Assembly statistics of the Hi-C-scaffolded genome assemblies of Carex and Juncus.

	C. cristatella	C. scoparia	J. effusus	J. inflexus
No. of contigs (≥5 kbp)^a	206	984	304	223
No. of scaffolds (≥5 kbp)	35	33	361	21
No. of scaffolds (≥50 kbp)	35	33	76	21
No. of scaffolds (≥1 Mbp)	35	33	23	21
Total length	301,638,393	298,037,631	224,468,077	267,557,116
GC (%)	33.86	33.76	32.64	33.18
No. of N’s per 100 kbp	18.60	70.96	140.60	40.25
LAI	10.20	11.13	7.94	7.15

Assembly statistics before scaffolding.

Assembly statistics of the Hi-C-scaffolded genome assemblies of Carex and Juncus. Assembly statistics before scaffolding. Additional analyses indicate that the final genome assemblies for C. cristatella, C. scoparia, J. effusus, and J. inflexus are nearly complete. The sizes of the final genome assemblies for these 4 species ranged from 224 to 302 Mbp and were toward the higher genome size estimates calculated by flow cytometry and k-mer analysis (Tables 1 and 2). Illumina reads were mapped to the final genome assemblies at rates greater than 97% indicating a very high degree of completeness for all 4 genomes (Supplementary Table 3). The assemblies of all 4 species were also analyzed with BUSCO to determine gene space completeness using the BUSCO Embryophyta gene database. The BUSCO results indicate that all 4 genomes are well assembled as all species had very high complete gene scores (95.4–96.4%) and very low duplication rates (2.2–3.2%) (Table 3). The number of missing BUSCO genes in the 4 assemblies was also very low (2.6–3.2%). The 4 assemblies were also analyzed with the BUSCO Poales gene database, which was created using 11 Poaceae species and one Bromeliaceae species (Waterhouse ). The results with the Poales database were very poor with complete genes between 72.5% and 74.4% and missing genes between 22.9% and 24.6% (Supplementary Table 4). The difference in the results using these 2 BUSCO databases suggests that the reliance on only Poaceae and Bromeliaceae species in the Poales gene database does not truly represent Poales conserved single-copy genes.

Table 3.

Gene space completeness of the genome assemblies of Carex and Juncus as determined by BUSCO using the Embryophyta_db10 database (n = 1,375).

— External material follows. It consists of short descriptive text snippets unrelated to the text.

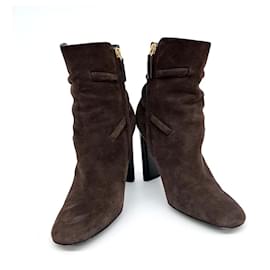 Tampod Wildleder Stiefeletten - Tom Ford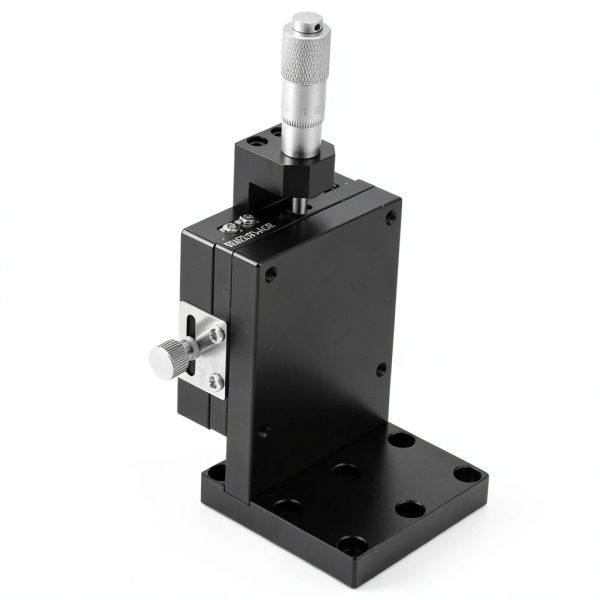 Keenso 60x60mm Z Linear Stages Manual Linear Slide-8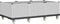 vidaXL - Plantenbak - met - wielen - 150x80x54 - cm - polypropeen - wit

Classification	C. cristatella (%)	C. scoparia (%)	J. effusus (%)	J. inflexus (%)
Complete (C)	96.1	96.4	95.4	95.9
Complete and single-copy (S)	92.8	93.1	93.2	93.6
Complete and duplicated (D)	3.3	3.3	2.2	2.3
Fragmented (F)	0.7	0.6	2.0	1.5
Missing (M)	3.2	3.0	2.6	2.6

Gene space completeness of the genome assemblies of Carex and Juncus as determined by BUSCO using the Embryophyta_db10 database (n = 1,375). LTR assembly index (LAI) values were calculated for each assembly and were found to be moderate to low values (Table 2). While these LAI values have been characterized as representing reference or draft-grade genome assemblies, LAI scores are not only positively correlated with genome completeness, but they are also negatively correlated with percentage of LTR content in the genome (Ou ). The 4 species contain 6–16% of LTR elements, which is low compared to that in most plant genomes. All 4 of these species have relatively high amounts of tandem repeats, ranging from 3.2% to 9.5% (Table 4 and discussion below). Tandem repeats may interfere with the identification of intact LTR elements (Ou and Jiang 2018), thus resulting in apparently low LAI scores. Moreover, LAI scores have also been found to be lower for small genomes. The small sizes of these genomes, low percentage of LTR element content and high abundance of tandem repeats may be partly responsible for the low LAI scores. Other measures of assembly quality (e.g. assembly contiguity, BUSCO analysis and read remapping) indicate that these genome assemblies are excellent chromosome-scale assemblies, and so, the commonly used LAI metric for genome assembly completeness may not be a good measure for these small Carex and Juncus genomes with their high percentages of tandem repeats.

Table 4.

Fraction of repetitive sequences in the Carex and Juncus genomes involved in this study.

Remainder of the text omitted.